Only the lines from the one containing "Serrated Juvenile Megalodon" through the end of the data below are to be repeated, exactly as given, without pictures.
[Data shown — start]
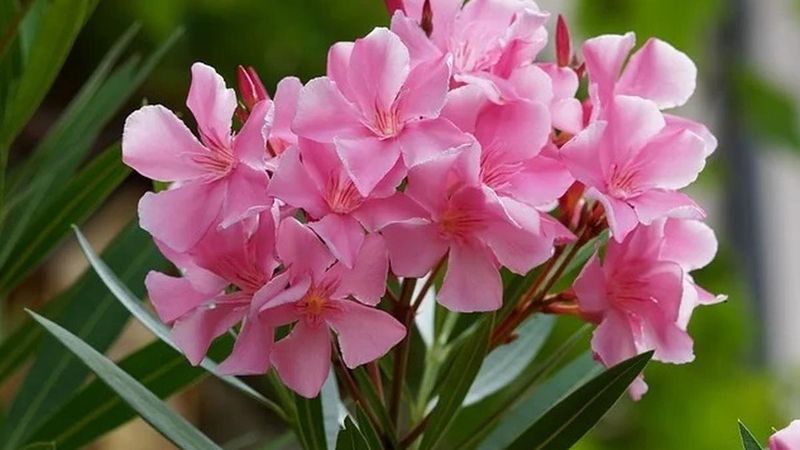 Oleander (Nerium oleander)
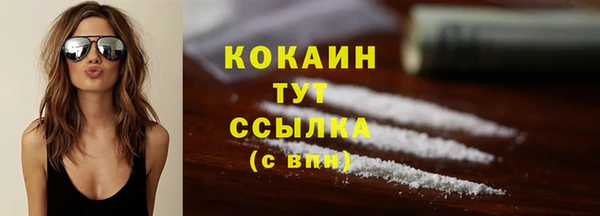 ешки Богданович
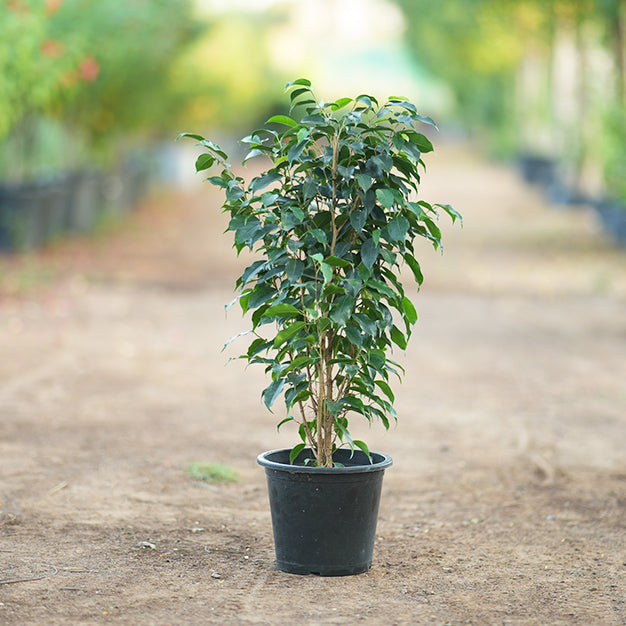 Ficus benjamina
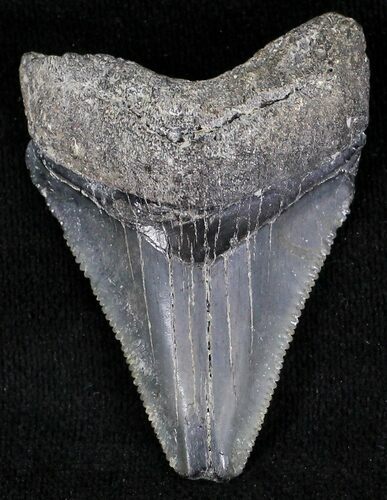 Serrated Juvenile Megalodon Tooth - Florida #21193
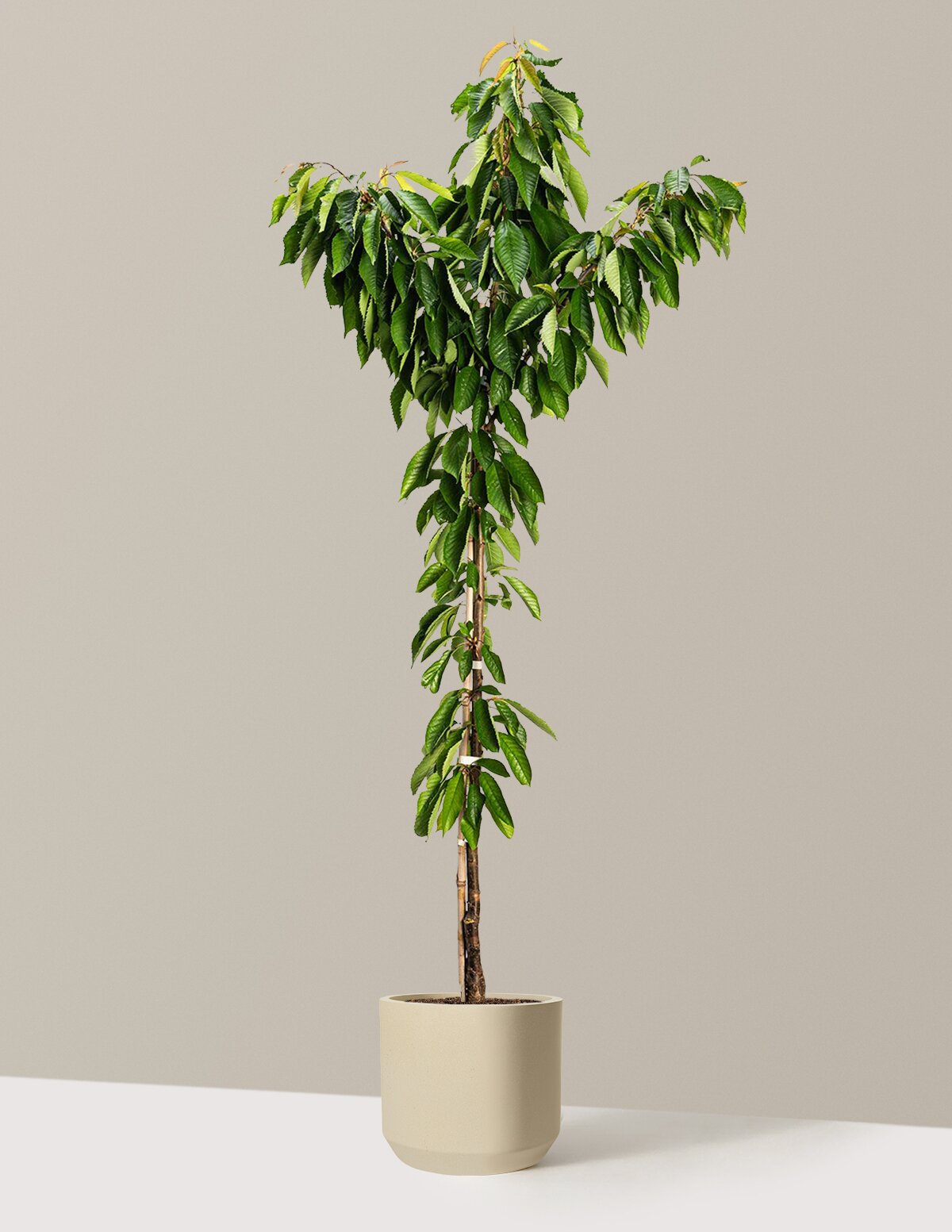 Bing Cherry Tree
[Data shown — finish]
Answer for the task
 Serrated Juvenile Megalodon Tooth - Florida #21193
 Bing Cherry Tree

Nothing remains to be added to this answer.